Take one egg, a pinch of salt, half an egg-shell full of water. Stir in all the flour it will take; roll as thin as you possibly can; hang over a chair-back on a napkin to dry. Then roll up like jelly-cake and slice off as thin as a wafer. They will cook in 15 or 20 minutes.
Caramel for coloring soups is made by putting a tablespoon of sugar and a pinch of salt in a dry saucepan over the fire. Stir constantly till it is slightly burnt. When very dark brown, pour in less than a teaspoon of water. Keep stirring, and gradually add a cup of water. See that the sugar is all dissolved.

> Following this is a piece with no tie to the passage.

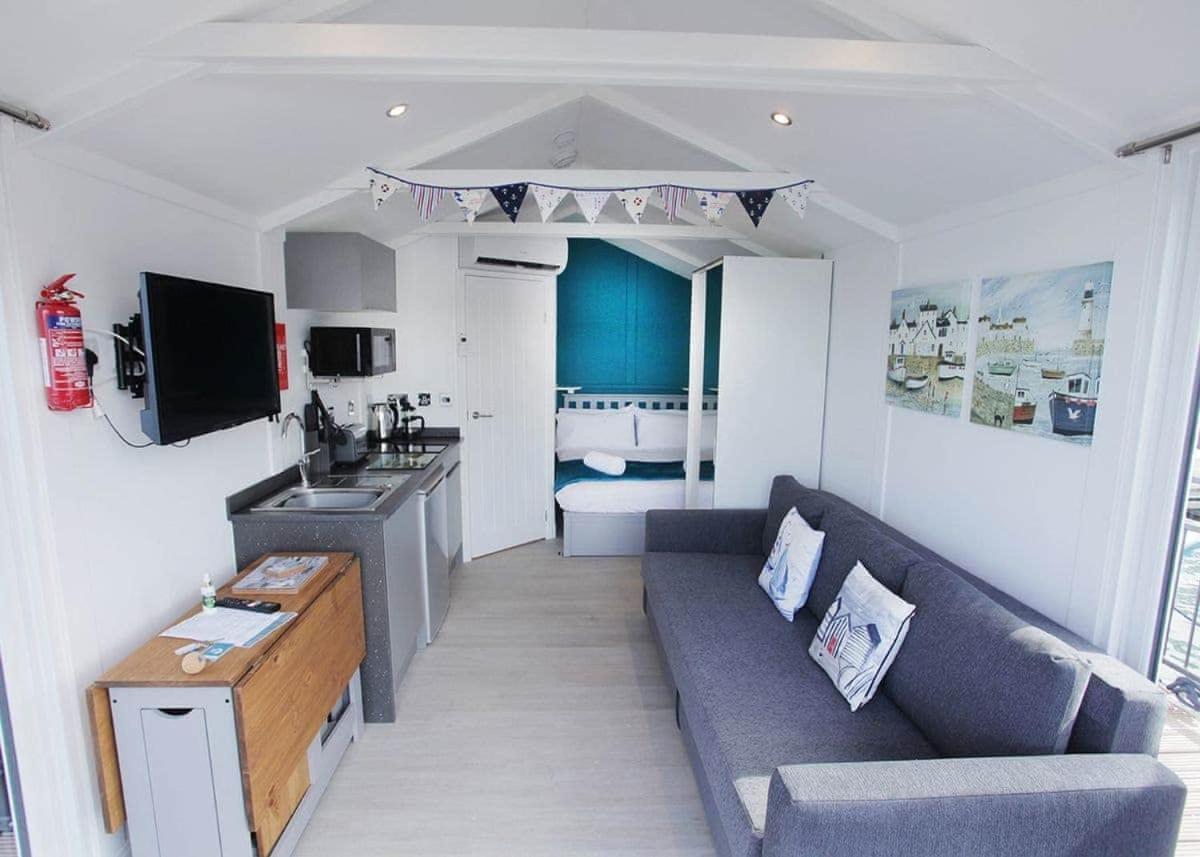 Mercury Yacht Harbour And Holiday Park Lower Swanwick Екстер'єр фото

This gives a rich color, and is better than browned flour.
Put a pint of flour in a skillet or saucepan over a moderate fire. Stir constantly with a small wooden paddle, if you have one, until it is a dark brown, and do not let it burn. Put it away in a covered vessel and use it for soups, gravies, or sauces. It requires fully half as much more to thicken with, than of unbrowned flour.
As soon as the scum has been taken off, put in grated carrot.
Use caramel or browned flour.
For coloring various dishes green, take a quart of spinach, wash and clean carefully; pound in a mortar to extract the juice. Then put all through a fine sieve. Put the juice in a stewpan or basin. Place this in a vessel of boiling water till it sets. It should not boil. Then put it into a sieve that the water may drain from it, and the clear green will be left for coloring. This may also be dried for future use.
Take the pulp and juice of ripe tomatoes.
Soups use none but white vegetables; for thickening use rice, pearl barley, vermicelli, or macaroni.
Take an ounce of as many of the following ingredients as can be procured: Thyme, basil, sweet marjoram, summer savory, dried lemon peel, celery seeds, two ounces of dried parsley. Dry, pound, sift, and bottle it tight for use.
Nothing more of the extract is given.